Leur pouvoir était déjà très-grand, puisque Grégoire IV rebâtit le port d’Ostie, et que Léon IV fortifia Rome à ses dépens ; mais tous les papes ne pouvaient être de grands hommes, et toutes les conjonctures ne pouvaient leur être favorables. Chaque vacance de siège causait les mêmes troubles que l’élection d’un roi en produit en Pologne. Le pape élu avait à ménager à la fois le sénat romain, le peuple, et l’empereur. La noblesse romaine avait grande part au gouvernement : elle élisait alors deux consuls tous les ans. Elle créait un préfet, qui était une espèce de tribun du peuple. Il y avait un tribunal de douze sénateurs ; et c’étaient ces sénateurs qui nommaient les principaux officiers du duché de Rome. Ce gouvernement municipal avait tantôt plus, tantôt moins d’autorité. Les papes avaient à Rome plutôt un grand crédit qu’une puissance législative.

S’ils n’étaient pas souverains de Rome, ils ne perdaient aucune occasion d’agir en souverains de l’Église d’Occident. Les évêques se constituaient juges des rois ; et les papes, juges des évêques. Tant de conflits d’autorité, ce mélange de religion, de superstition, de faiblesse, de méchanceté dans toutes les cours, l’insuffisance des lois, tout cela ne peut être mieux connu que par l’aventure du mariage et du divorce de Lothaire, roi de Lorraine, neveu de Charles le Chauve.

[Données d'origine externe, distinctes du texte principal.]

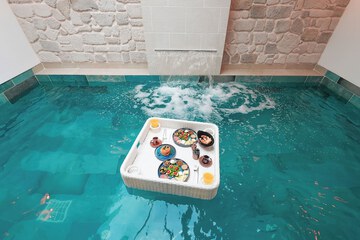 Private pool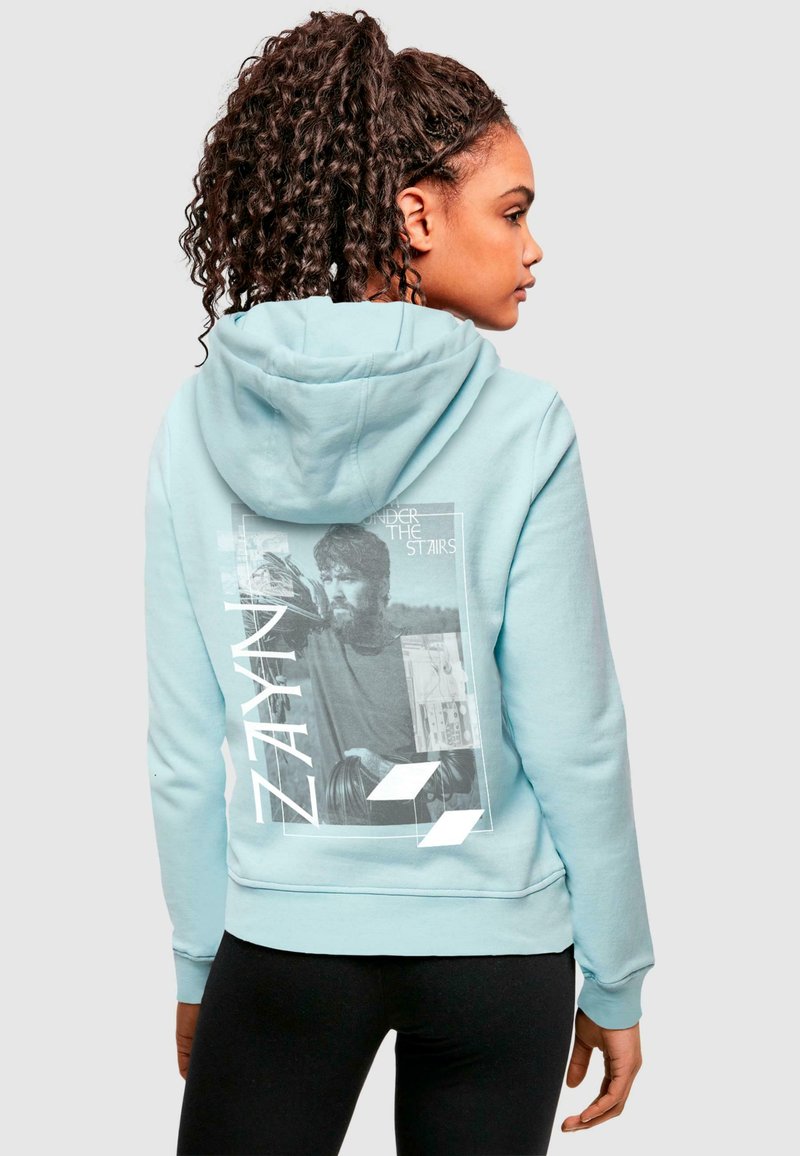Világoskék kapucnis sweatshirt, puha anyagból, nagy grafikai nyomattal a háton, szöveges és képi elemekkel. Rászedett mandzsetták és derék.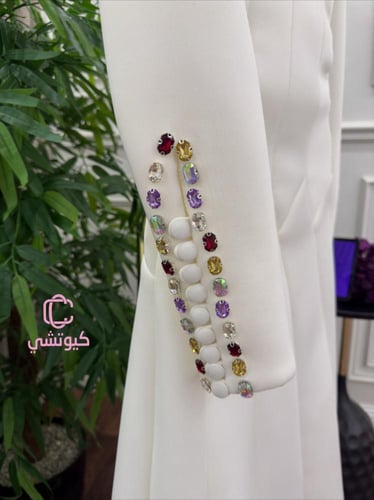 فستان سهرة أبيض مزين بفصوص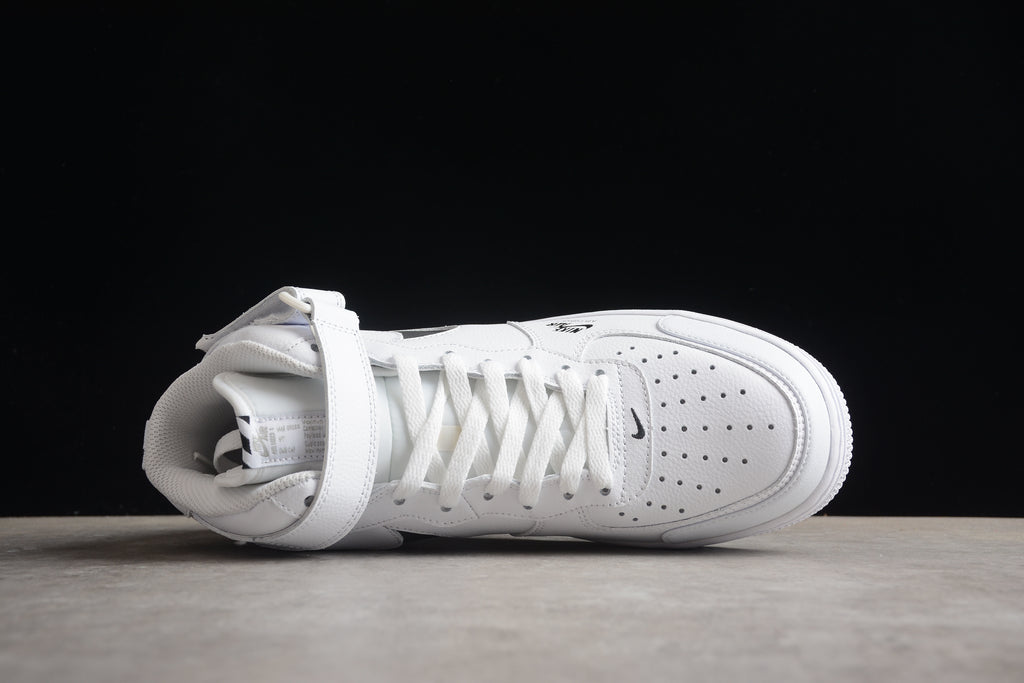 Air Force 1 High – Blanco / Negro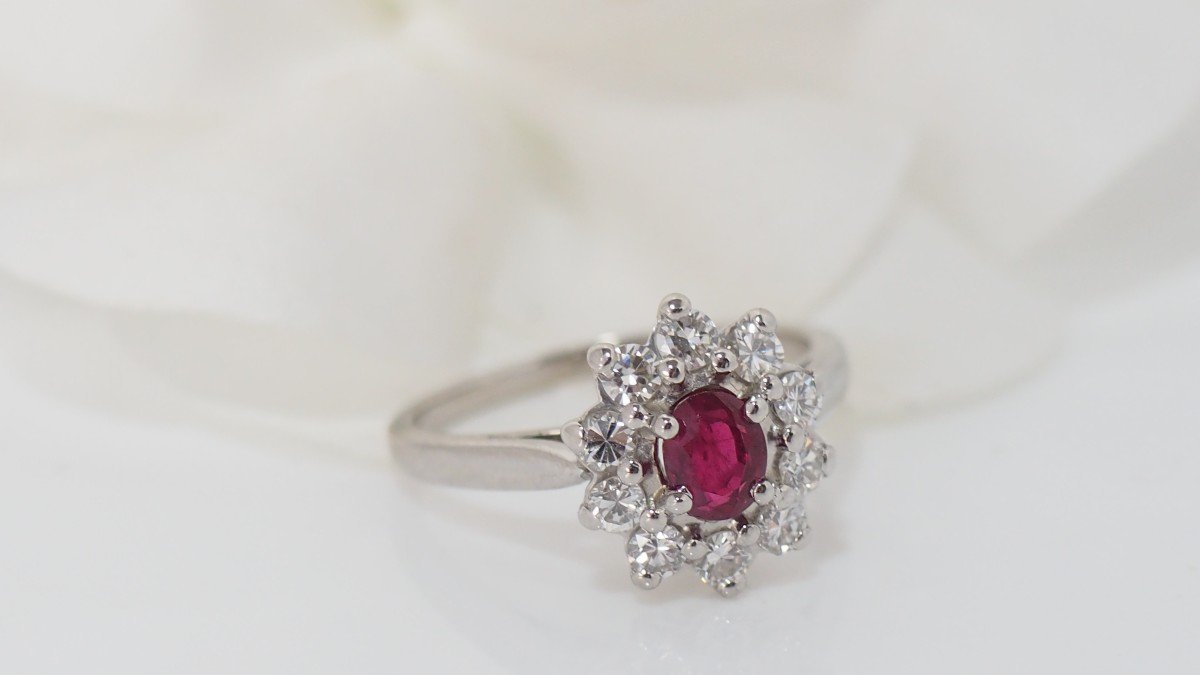 Daisy Ring In White Gold, Rubies And Diamonds-photo-3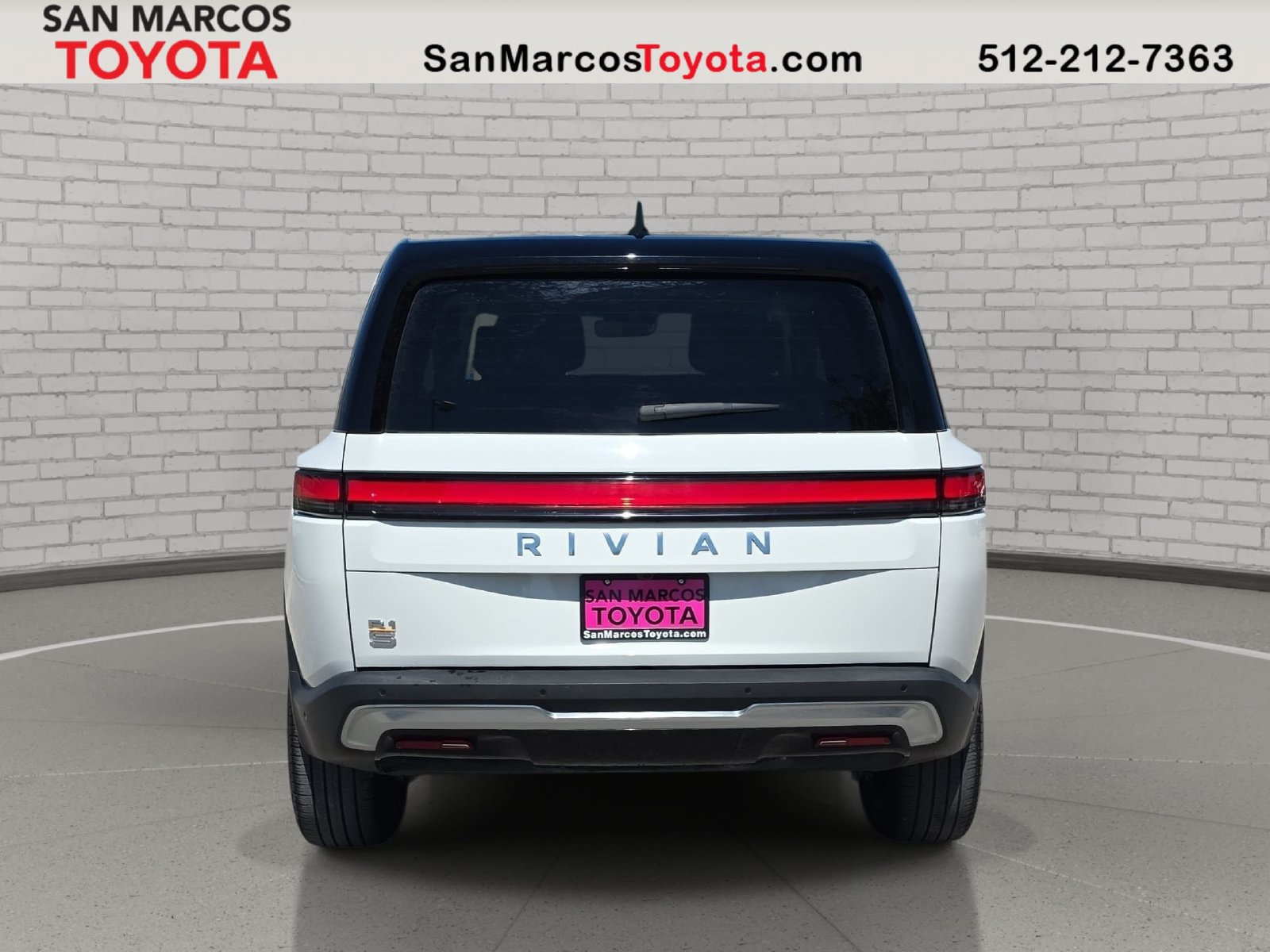 Used 2024 Rivian R1S Adventure Quad AWD/4WD image 7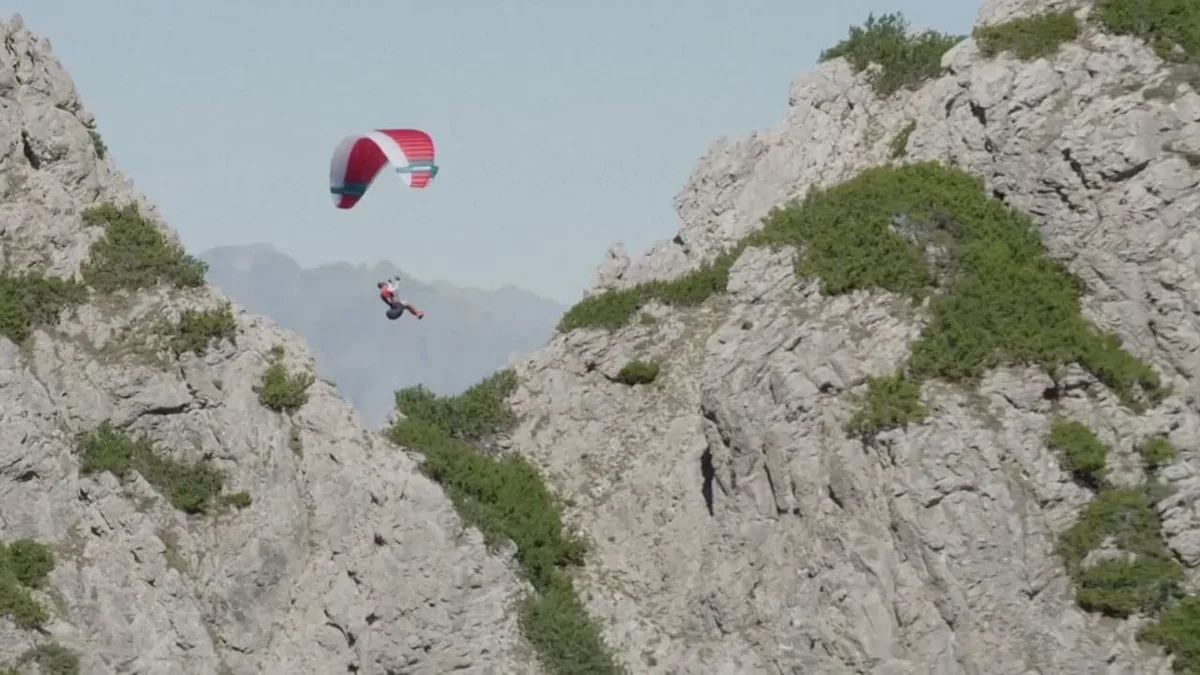 Rennen, Fliegen, Biken, Paddeln - Dolomiten-Wahnsinn in den Alpen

Charlemagne avait répudié une de ses femmes, et en avait épousé une autre, non-seulement avec l’approbation du pape Étienne, mais sur ses pressantes sollicitations. Les rois francs, Gontran, Caribert, Sigebert, Chilpéric, Dagobert, avaient eu plusieurs femmes à la fois, sans qu’on eût murmuré ; et si c’était un scandale, il était sans trouble. Le temps change tout. Lothaire, marié avec Teutberge, fille d’un duc de la Bourgogne Transjurane, prétend la répudier pour un inceste avec son frère, dont elle est accusée, et épouser sa maîtresse Valrade. Toute la suite de cette aventure est d’une singularité nouvelle. D’abord la reine Teutberge se justifie par l’épreuve de l’eau bouillante. Son avocat plonge la main dans un vase, au fond duquel il ramasse impunément un anneau bénit. Le roi se plaint qu’on a employé la fourberie dans cette épreuve. Il est bien sûr que si elle fut faite, l’avocat de la reine était instruit d’un secret de préparer la peau à soutenir l’action de l’eau bouillante. Aucune académie des sciences n’a, de nos jours, tenté de connaître sur ces épreuves ce que savaient alors les charlatans.